* **Directions for this task**: Exact copies of all the lines below are needed, without the pictures.

Short text fragments from websites
--------------------------------------------------

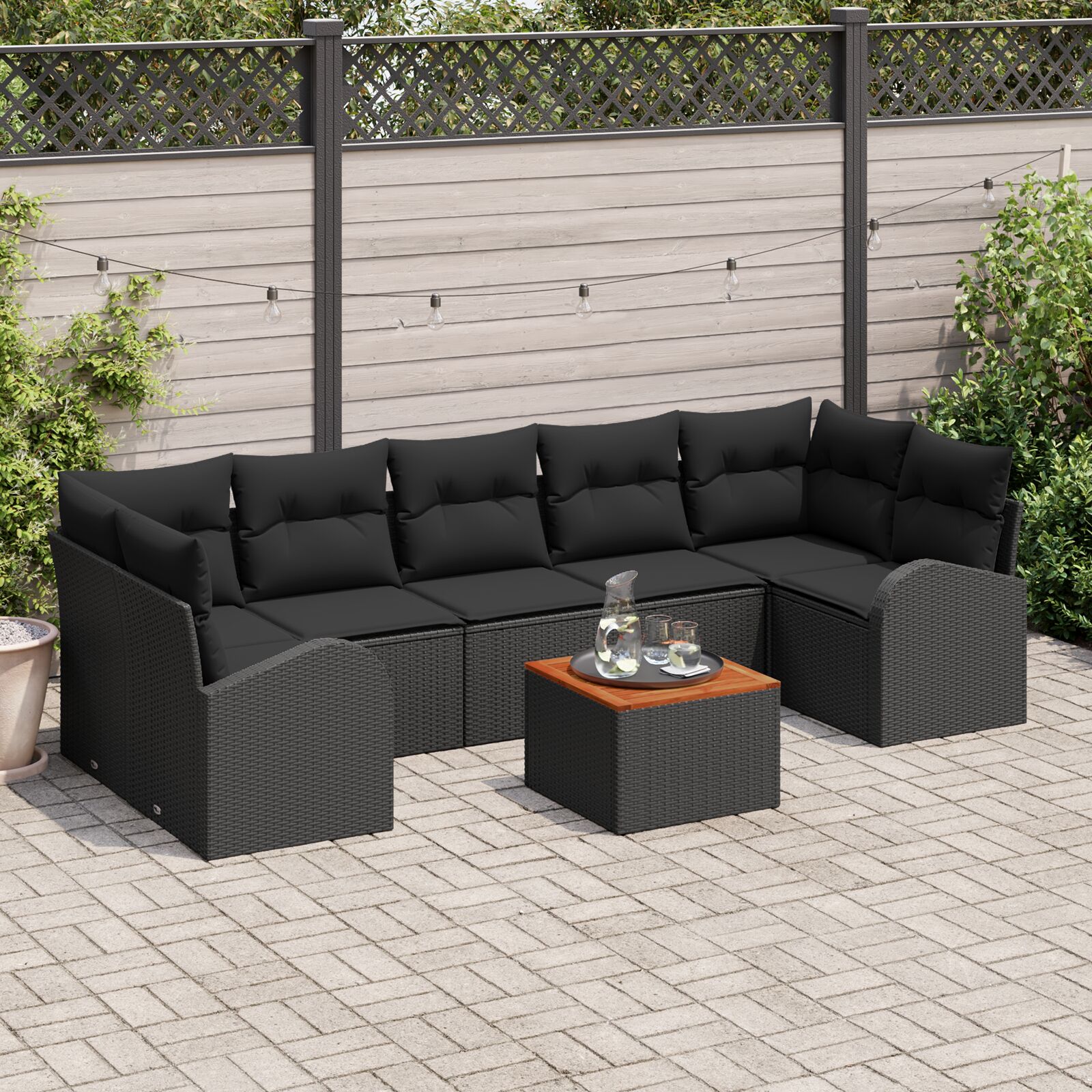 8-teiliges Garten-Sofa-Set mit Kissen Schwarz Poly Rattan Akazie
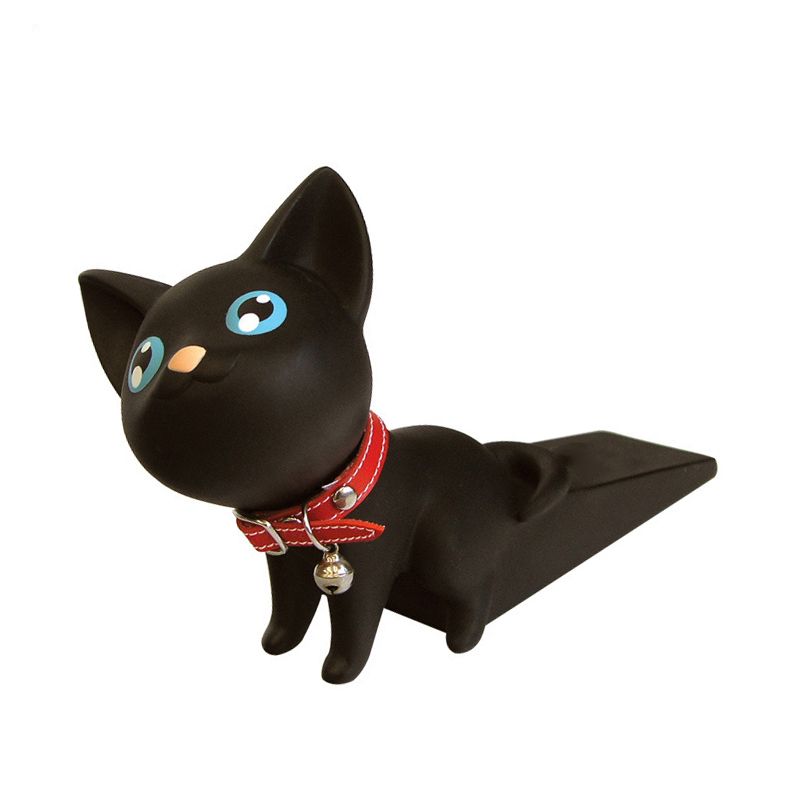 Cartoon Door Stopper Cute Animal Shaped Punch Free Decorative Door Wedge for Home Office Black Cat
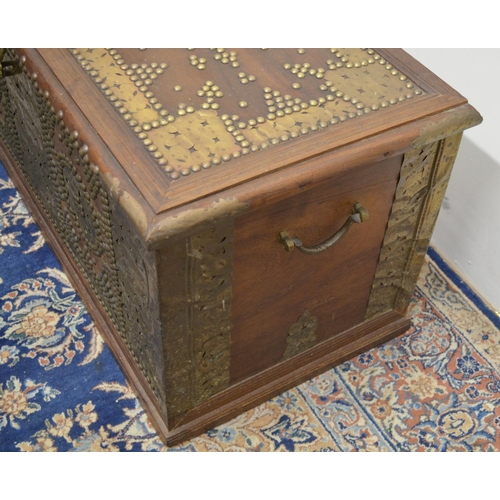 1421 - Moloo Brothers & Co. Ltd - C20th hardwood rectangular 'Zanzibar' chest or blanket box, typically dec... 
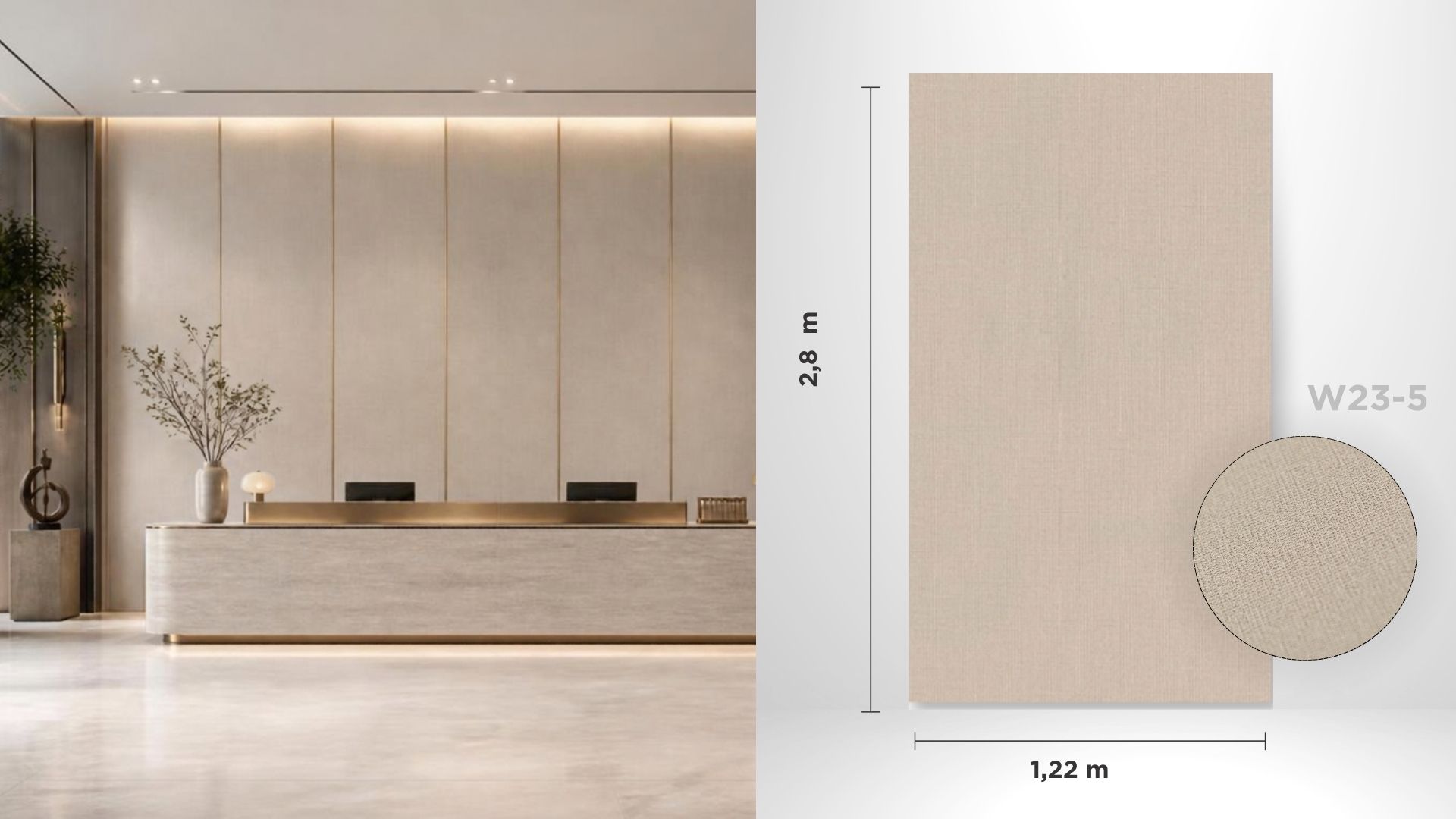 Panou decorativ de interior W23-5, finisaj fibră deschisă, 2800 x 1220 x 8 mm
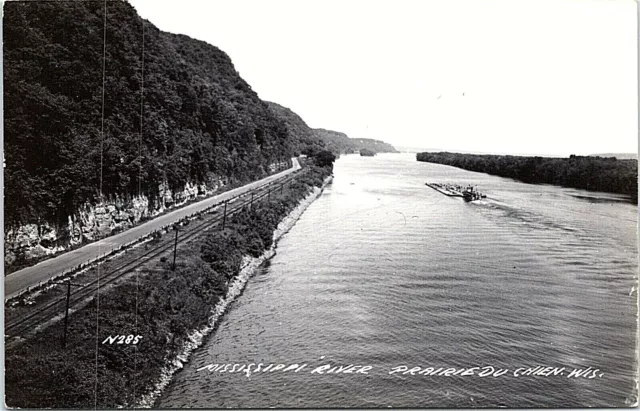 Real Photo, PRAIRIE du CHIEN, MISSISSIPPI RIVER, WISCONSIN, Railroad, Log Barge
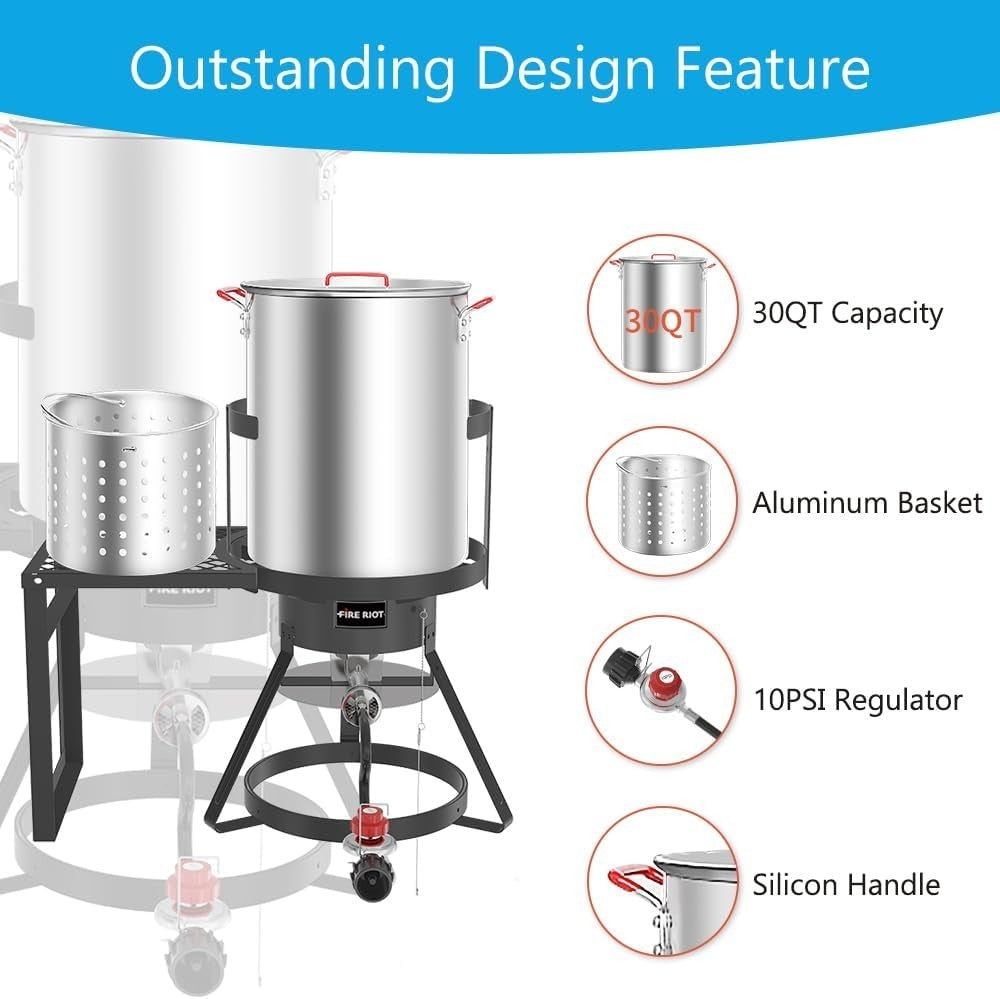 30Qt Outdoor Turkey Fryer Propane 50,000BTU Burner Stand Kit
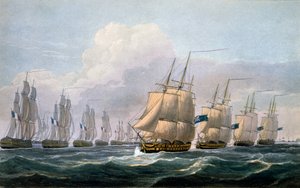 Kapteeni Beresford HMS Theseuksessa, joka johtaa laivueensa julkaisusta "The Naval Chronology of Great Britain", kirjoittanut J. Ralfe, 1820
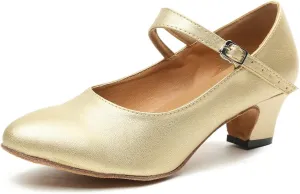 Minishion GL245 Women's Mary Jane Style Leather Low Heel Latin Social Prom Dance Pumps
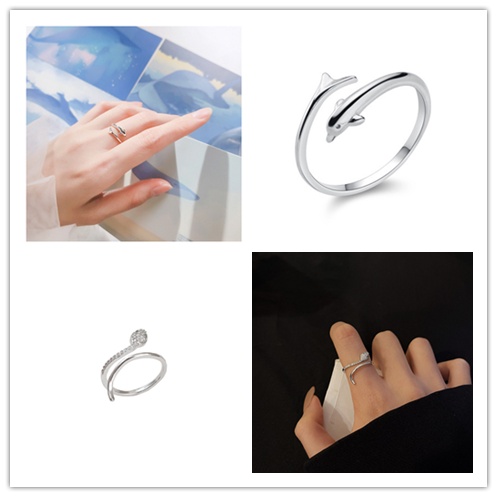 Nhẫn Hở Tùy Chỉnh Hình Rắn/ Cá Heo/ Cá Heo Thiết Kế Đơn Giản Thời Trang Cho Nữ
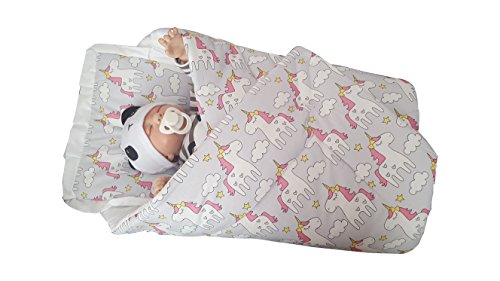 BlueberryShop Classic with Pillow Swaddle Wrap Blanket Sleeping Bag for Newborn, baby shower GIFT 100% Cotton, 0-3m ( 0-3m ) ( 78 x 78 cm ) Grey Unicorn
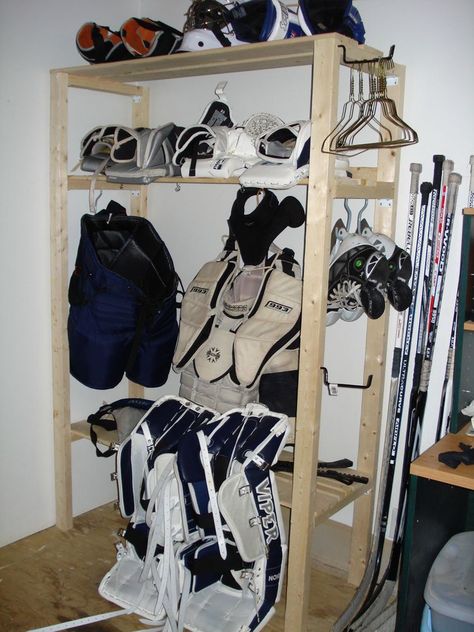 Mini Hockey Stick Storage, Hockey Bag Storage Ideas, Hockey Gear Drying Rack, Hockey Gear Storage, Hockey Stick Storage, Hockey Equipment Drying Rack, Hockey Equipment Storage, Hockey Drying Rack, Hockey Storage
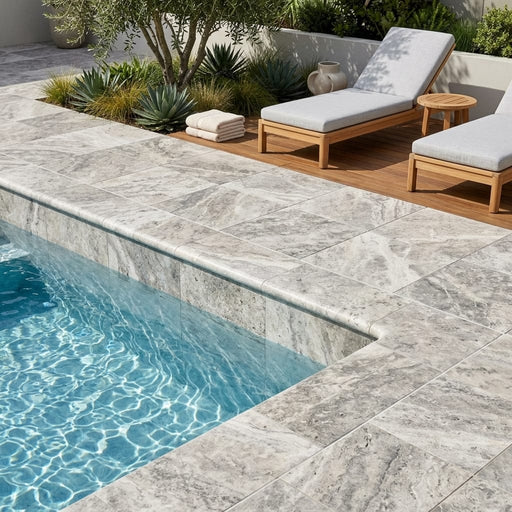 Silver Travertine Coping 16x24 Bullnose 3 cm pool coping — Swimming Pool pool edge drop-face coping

--------------------------------------------------

* **Solution**:
 8-teiliges Garten-Sofa-Set mit Kissen Schwarz Poly Rattan Akazie
 Cartoon Door Stopper Cute Animal Shaped Punch Free Decorative Door Wedge for Home Office Black Cat
 1421 - Moloo Brothers & Co. Ltd - C20th hardwood rectangular 'Zanzibar' chest or blanket box, typically dec... 
 Panou decorativ de interior W23-5, finisaj fibră deschisă, 2800 x 1220 x 8 mm
 Real Photo, PRAIRIE du CHIEN, MISSISSIPPI RIVER, WISCONSIN, Railroad, Log Barge
 30Qt Outdoor Turkey Fryer Propane 50,000BTU Burner Stand Kit
 Kapteeni Beresford HMS Theseuksessa, joka johtaa laivueensa julkaisusta "The Naval Chronology of Great Britain", kirjoittanut J. Ralfe, 1820
 Minishion GL245 Women's Mary Jane Style Leather Low Heel Latin Social Prom Dance Pumps
 Nhẫn Hở Tùy Chỉnh Hình Rắn/ Cá Heo/ Cá Heo Thiết Kế Đơn Giản Thời Trang Cho Nữ
 BlueberryShop Classic with Pillow Swaddle Wrap Blanket Sleeping Bag for Newborn, baby shower GIFT 100% Cotton, 0-3m ( 0-3m ) ( 78 x 78 cm ) Grey Unicorn
 Mini Hockey Stick Storage, Hockey Bag Storage Ideas, Hockey Gear Drying Rack, Hockey Gear Storage, Hockey Stick Storage, Hockey Equipment Drying Rack, Hockey Equipment Storage, Hockey Drying Rack, Hockey Storage
 Silver Travertine Coping 16x24 Bullnose 3 cm pool coping — Swimming Pool pool edge drop-face coping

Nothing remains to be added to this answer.